→ **TASK INSTRUCTIONS**: Would you repeat word for word the lines of the listing that follows, from the one with "Produktbillede af Personlig" up to and including the one with "UnitedHealthcare's headquarters in", and leave out the images?

→ **RECORDS FOR THE EXERCISE**:
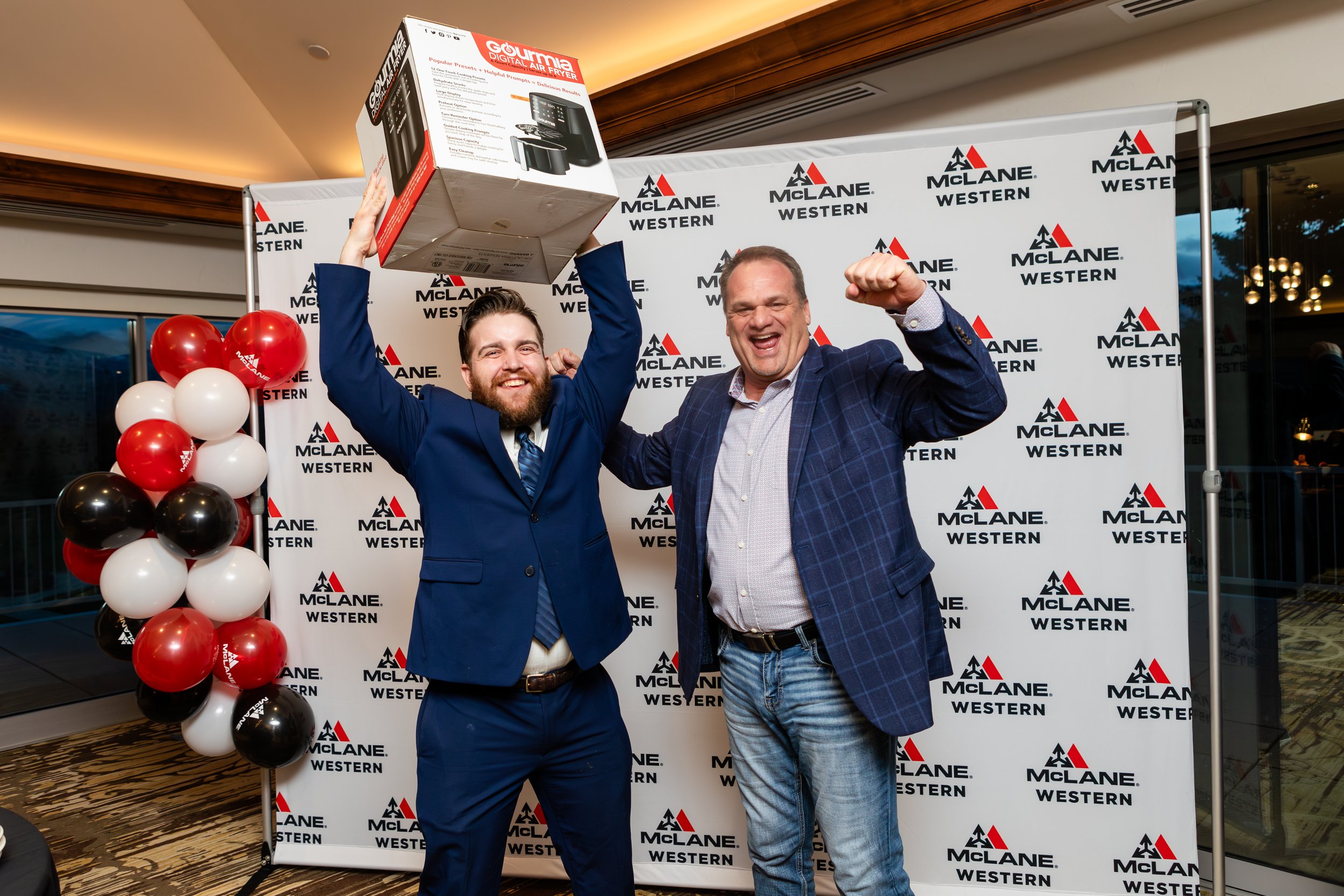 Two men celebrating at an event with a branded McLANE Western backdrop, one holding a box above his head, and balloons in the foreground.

---

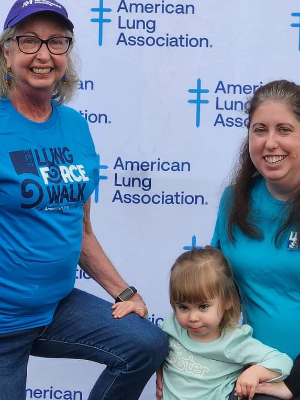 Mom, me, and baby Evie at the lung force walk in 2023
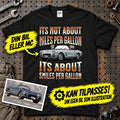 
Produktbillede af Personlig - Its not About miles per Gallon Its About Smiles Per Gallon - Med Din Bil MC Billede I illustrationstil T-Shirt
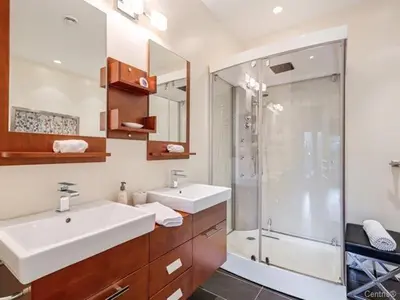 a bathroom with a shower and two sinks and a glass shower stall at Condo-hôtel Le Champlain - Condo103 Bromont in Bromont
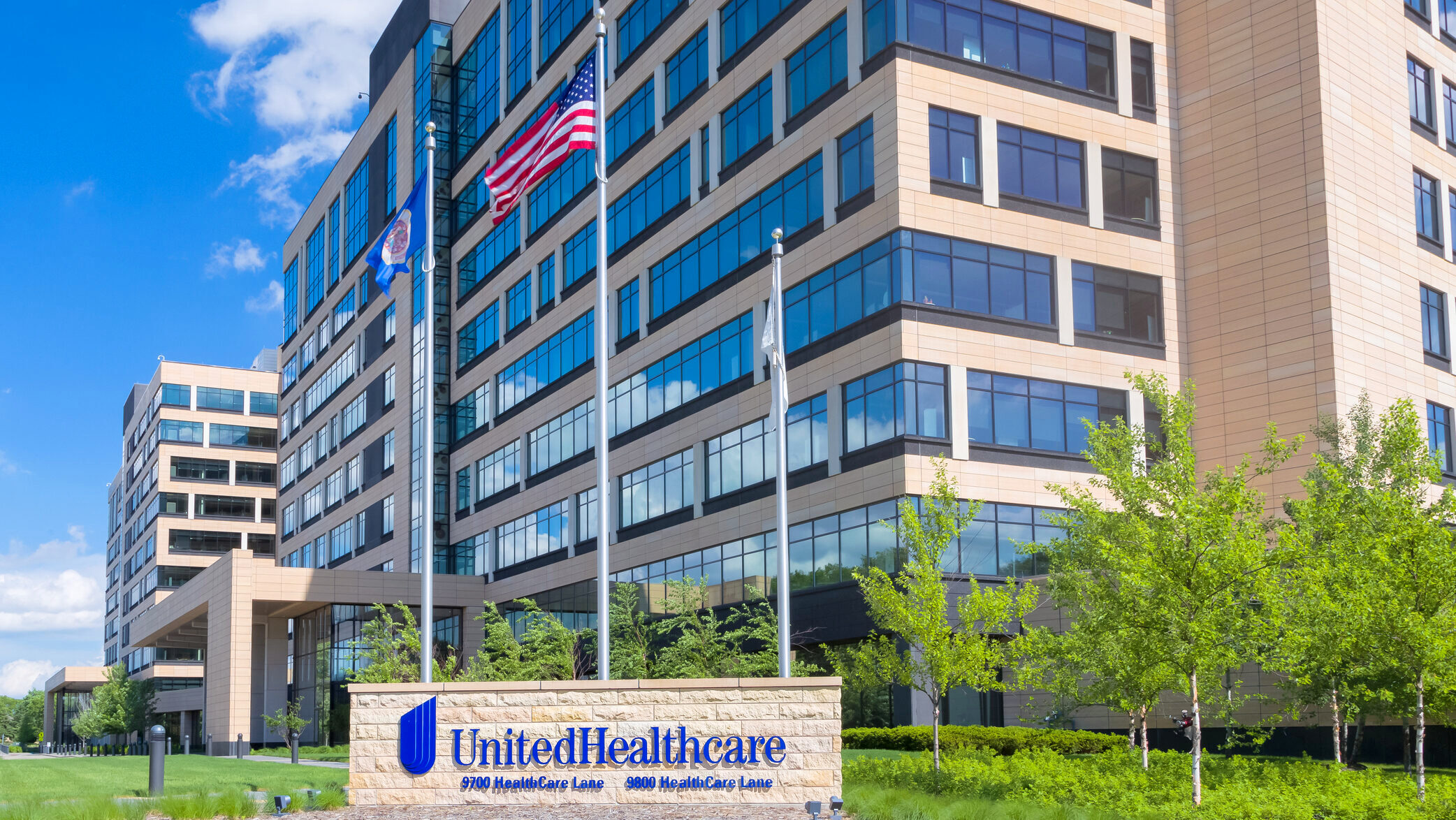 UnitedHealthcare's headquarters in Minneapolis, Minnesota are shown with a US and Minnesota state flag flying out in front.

* * *

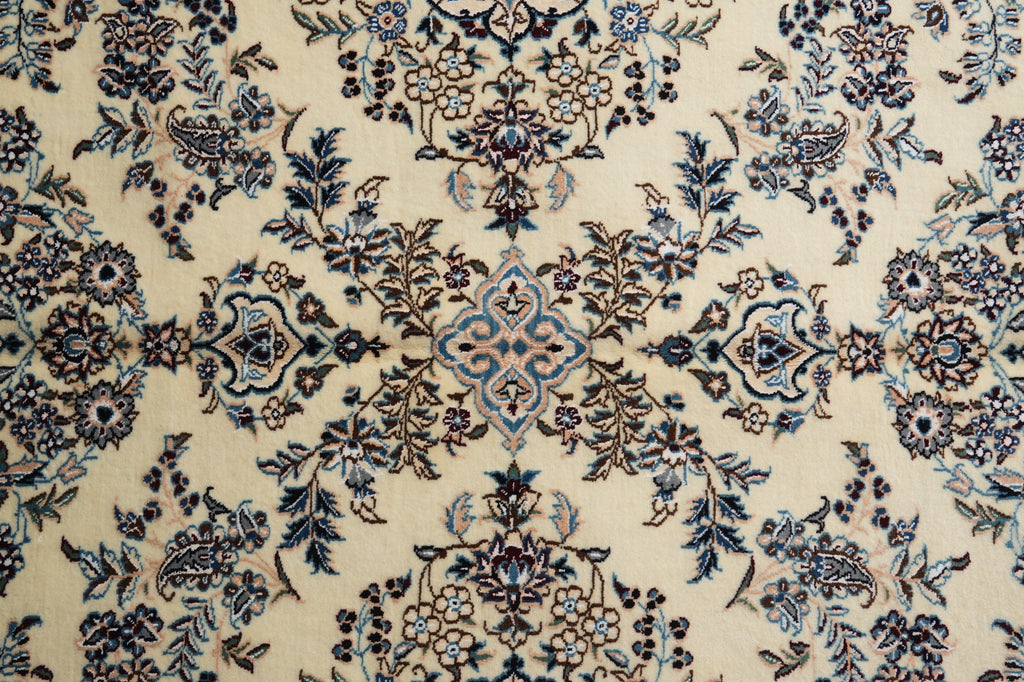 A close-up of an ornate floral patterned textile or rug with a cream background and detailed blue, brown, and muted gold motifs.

→ **RESPONSE TO THIS EXERCISE**:
Produktbillede af Personlig - Its not About miles per Gallon Its About Smiles Per Gallon - Med Din Bil MC Billede I illustrationstil T-Shirt
 a bathroom with a shower and two sinks and a glass shower stall at Condo-hôtel Le Champlain - Condo103 Bromont in Bromont
 UnitedHealthcare's headquarters in Minneapolis, Minnesota are shown with a US and Minnesota state flag flying out in front.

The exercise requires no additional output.